**Work to complete**
In this exercise, write out the data word for word and leave every image out.

**The data**
•••••

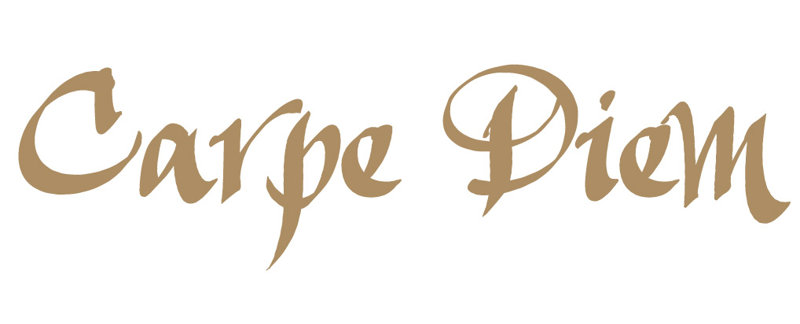 Décalcomanie murale indemnités journalières carpe diem, Brun pâle, H 6 po x l 24 po x P 0,01 po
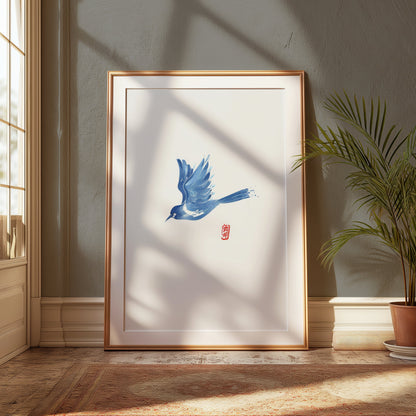 Premium Poster of Elegant Blue Bird Traditional Art Print Posters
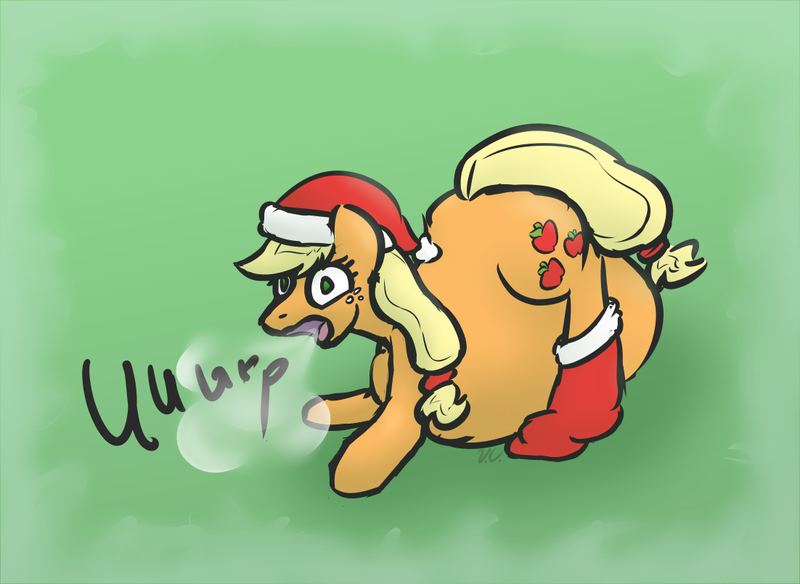 Size: 1102x805 | Tagged: suggestive, artist:voraciouscutie, derpibooru import, applejack, earth pony, pony, belly, big belly, burp, christmas, digestion, female, fetish, g4, hat, hearth's warming, hearth's warming eve, holiday, huge belly, image, impossibly large belly, mare pred, png, predajack, santa hat, unknown prey, vore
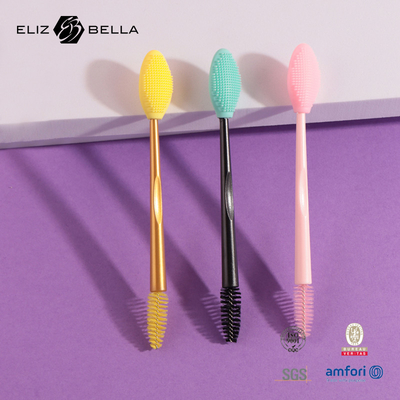 Waterproof Silicone Eyelash Brush Disposable Silicone Mascara Wands With PP Handle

•••••

**Result below**
 Décalcomanie murale indemnités journalières carpe diem, Brun pâle, H 6 po x l 24 po x P 0,01 po
 Premium Poster of Elegant Blue Bird Traditional Art Print Posters
 Size: 1102x805 | Tagged: suggestive, artist:voraciouscutie, derpibooru import, applejack, earth pony, pony, belly, big belly, burp, christmas, digestion, female, fetish, g4, hat, hearth's warming, hearth's warming eve, holiday, huge belly, image, impossibly large belly, mare pred, png, predajack, santa hat, unknown prey, vore
 Waterproof Silicone Eyelash Brush Disposable Silicone Mascara Wands With PP Handle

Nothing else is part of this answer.